Le projet de territoire peut, à cet égard, constituer un instrument décisif, dès lors qu'il n'est pas réduit à un document d'affichage, mais conçu comme un texte stratégique, conforme aux principes de libre-administration et de subsidiarité.
Les formes souples de coopération conventionnelle, pour leur part, montrent que l'action pluricommunale ou interterritoriale peut aussi se construire par des montages ciblés, adaptables et volontaires, particulièrement utiles lorsque les besoins opérationnels appellent des réponses rapides et différenciées. Les ententes, les conventions de prestations de service et les contrats de réciprocité relèvent ainsi de cette logique.

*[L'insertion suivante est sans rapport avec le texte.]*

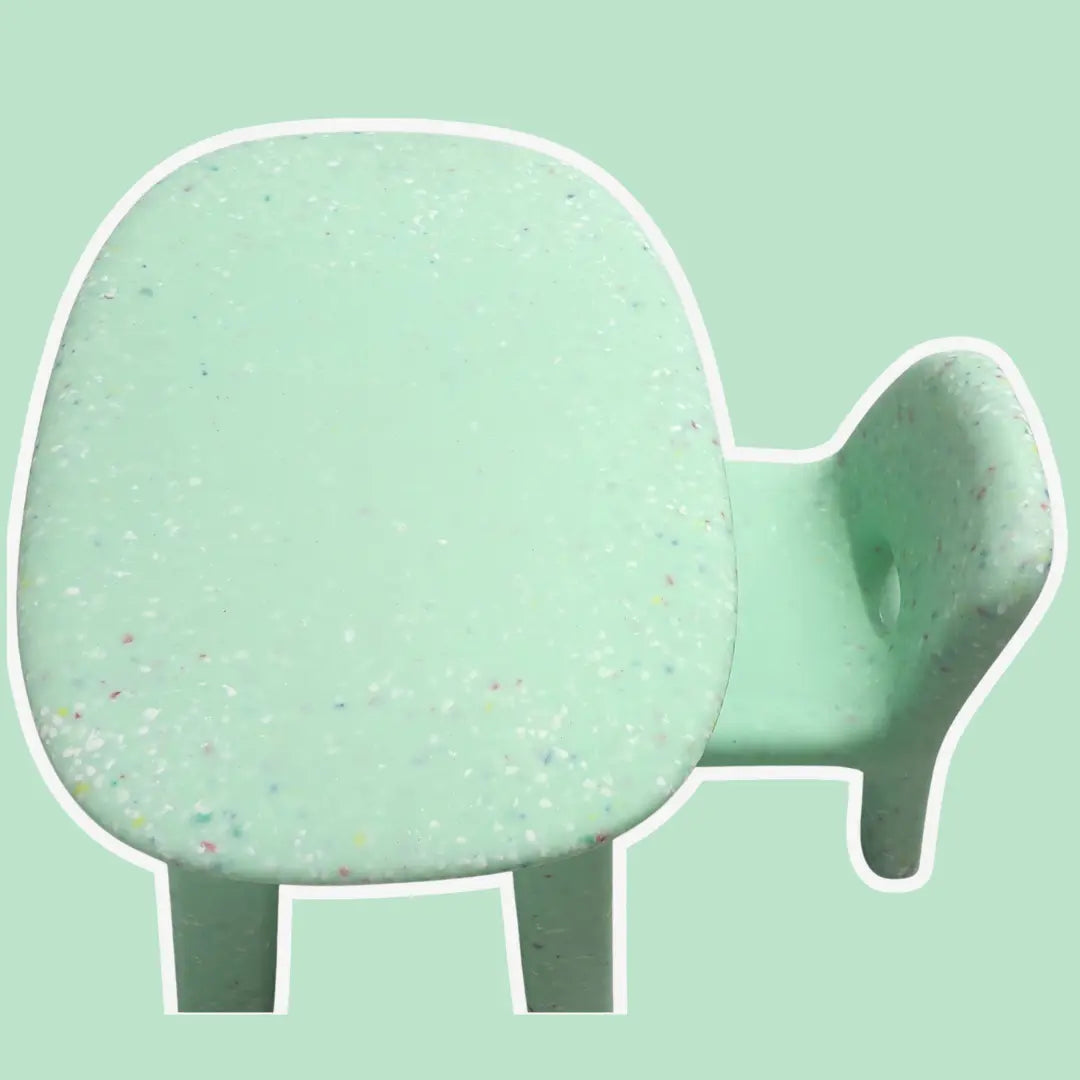 Confetti Table | Mint Jellybean Interiors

Quant aux PETR et aux pôles métropolitains, ils confirment l'intérêt de cadres de coopération de projet, aptes à organiser des solidarités et des stratégies à une échelle dépassant celle de chaque intercommunalité prise isolément.
Il ressort par ailleurs de la note de législation comparée, demandée par votre délégation à la division soutien à l'initiative parlementaire, que dans les quatre pays étudiés -- Allemagne, Belgique (Wallonie), Espagne et Italie --, les formes souples de coopération (sans personnalité morale, sans transfert de compétences) sont les instruments les plus utilisés et les plus appréciés des élus locaux chez nos voisins européens.
Il résulte de l'ensemble de ces constats une orientation d'ensemble : conforter la coopération intercommunale non par la seule extension des compétences, mais par une meilleure définition du projet commun, par une clarification des instruments juridiques disponibles et par une analyse plus rigoureuse de leurs effets. Tel est le sens des recommandations formulées par la mission : rendre obligatoire débat sur le projet de territoire, renforcer la sécurité juridique et la lisibilité des coopérations souples, approfondir leur évaluation et donner aux pôles métropolitains un cadre stratégique plus explicite.
Ainsi comprise, la coopération entre communes ne doit pas être un compromis institutionnel subi. Elle doit demeurer ce qu'elle a vocation à être : un mode d'action collective, librement approprié par les élus locaux, visant à l'efficacité des politiques publiques, à l'équilibre des territoires et au service concret des communes et de leurs habitants.